Now on to the silent count shotgun snap. It's a little more stressful than a regular center exchange as more can go wrong, so centers are more concerned with getting into a rythym than they are tipping the defense. It's normally "look back, get the good to go signal from the qb, line it up one last time, look up, reassess the d line/watch for blitzes, breathe and then snap." It's a routine that ensures a clean snap. Another consideration in this process is the rest of the offense. They are all waiting on the ball to move. Too much variation on when the ball is snapped could mean false start trouble, or hesistant players that are too slow off the ball. So yeah, there is occasionally an attempt by a center in a shotgun silent snap to mix things up, but it's few and far between.

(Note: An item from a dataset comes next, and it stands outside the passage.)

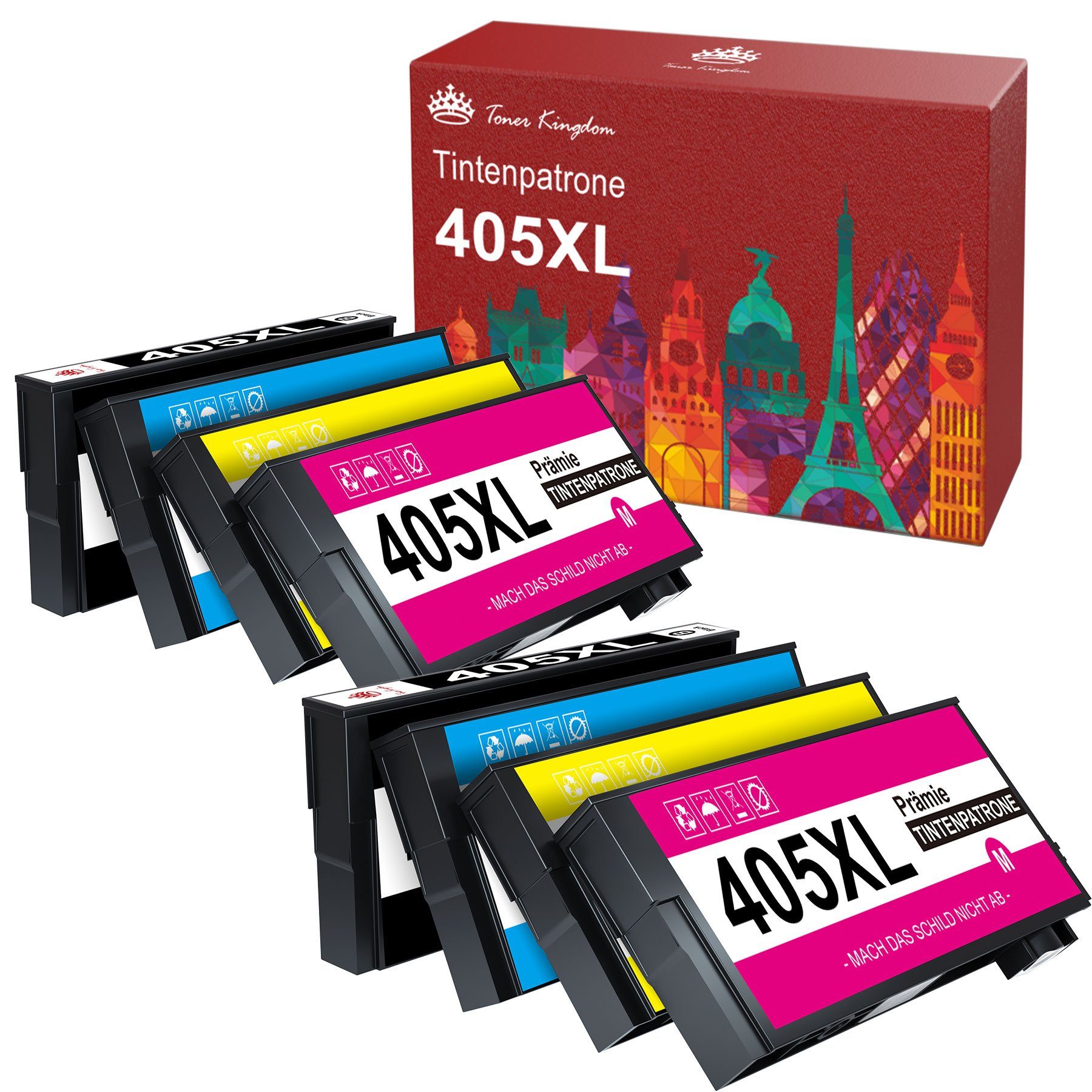 Toner Kingdom »8er 405 XL 405XL Druckerpatronen Kompatibel für Epson 405XL  für Epson Workforce Pro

Regardless, since it's still a silent count (albeit with physical cues), it's still harder for a defense to jump it than a qb who doesn't vary his cadence.

danimal1968

October 10th, 2013 at 3:20 PM ^

(granted it was 25 years ago so we didn't use a lot of shotgun), but my experience was that if any of the OL felt the D was jumping the snap count, they'd get on my case to do something about it.  Typically, since we were under center 90 percent of the time, that meant I'd grab the QB and tell him to stop going on 1 all the time, but if we were in shotgun I'd try to wait and extra count after lifting my head before snapping the ball.  All you have to do is mix it up once or twice and the DC will tell his guys to knock it off and just wait for the ball to be snapped.

WolverineFanatic6

October 10th, 2013 at 4:16 PM ^

I can promise you that if that is still the case when we play in EL, our day will be over before it starts. They've been jumping our snaps for years so why not make it easier for them?